In this 9-minute tutorial, SAS instructor @DomWeatherspoon shows you how to get your data into SAS OnDemand for Academics and other key steps:

Get Started

Getting the Data Ready

Whenever possible I prefer to use the SAS XLSX engine to open these sorts of files. However in this case, the header rows made that difficult because of the invalid variable names which would have been generated.
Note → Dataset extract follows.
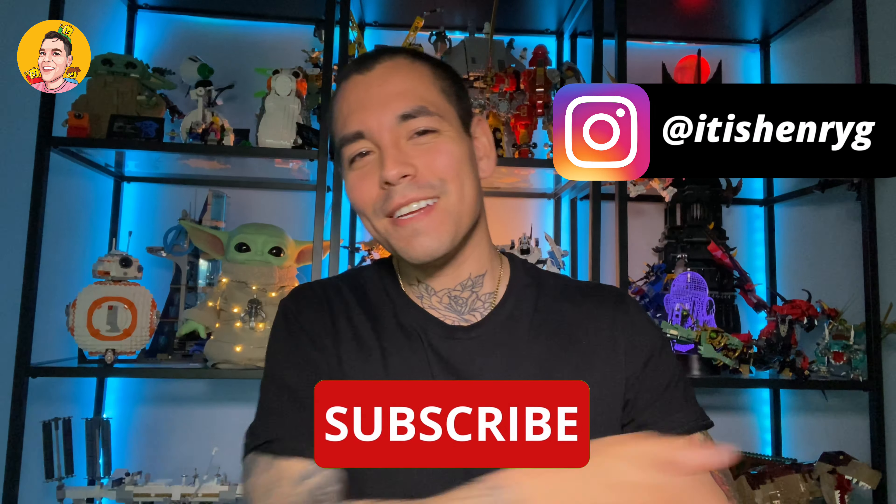Hey everyone, it's Henry and welcome back to the channel. Today I am excited because I want to do an unboxing of a set that I've been dying to add to my collection.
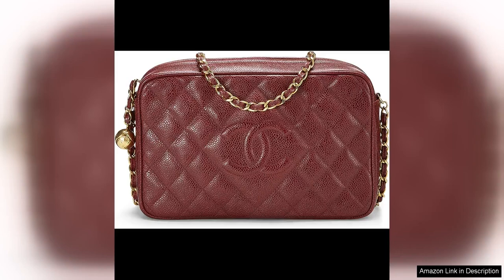The bag features a front flap with a gold-toned CC logo twist lock closure, a back slip pocket, and a leather-threaded gold-toned chain-linked shoulder strap. The interior is lined in matching burgundy leather with a zip pocket on the rear wall.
Therefore, I opened the downloaded file in Excel, removed one of the hearer rows and used Proc Import to convert the file to a SAS data set.

filename tapfile '/folders/myshortcuts/Dropbox/wiretap.xlsx'; 
      
proc import datafile=tapfile dbms=xlsx out=wiretap replace;
	getnames=yes;
run;

Having done that, I ran the following data step to convert some of the variables from character to numeric, convert the jurisdiction name to a state name (I know the District of Columbia, Puerto Rico and the Virgin Islands aren’t states, but they provide data included in the reports) and drop the variables I wouldn’t be using.

data wiretap;
	length state $30;
	set wiretap(keep=jurisdiction offense number_of_days_in_operation var18
		where=(var18 ne "0"));
		
	if jurisdiction in ("DISTRICT OF COLUMBIA" "PUERTO RICO" "RHODE ISLAND"
		"VIRGIN ISLANDS") then state=propcase(jurisdiction);
	else if scan(jurisdiction,1) in ("NEW" "NORTH" "SOUTH" "WEST") then 
		state=propcase(cat(scan(jurisdiction,1)," ",scan(jurisdiction,2)));
	else state=propcase(scan(jurisdiction,1));
	
	cost = input(var18, 8.);
	drop var18;
	
	temp=input(number_of_days_in_operation, 8.);
	drop number_of_days_in_operation;
	rename temp=number_of_days_in_operation;	
run;

I ended up with a file looking like this:

The Results

Initially I wanted to calculate the cost per conviction of wiretaps, but rejected that option after checking the report. Many investigations don’t result in convictions in the year the wiretap is carried out, which makes it difficult to attribute convictions to wiretaps until some years after the event.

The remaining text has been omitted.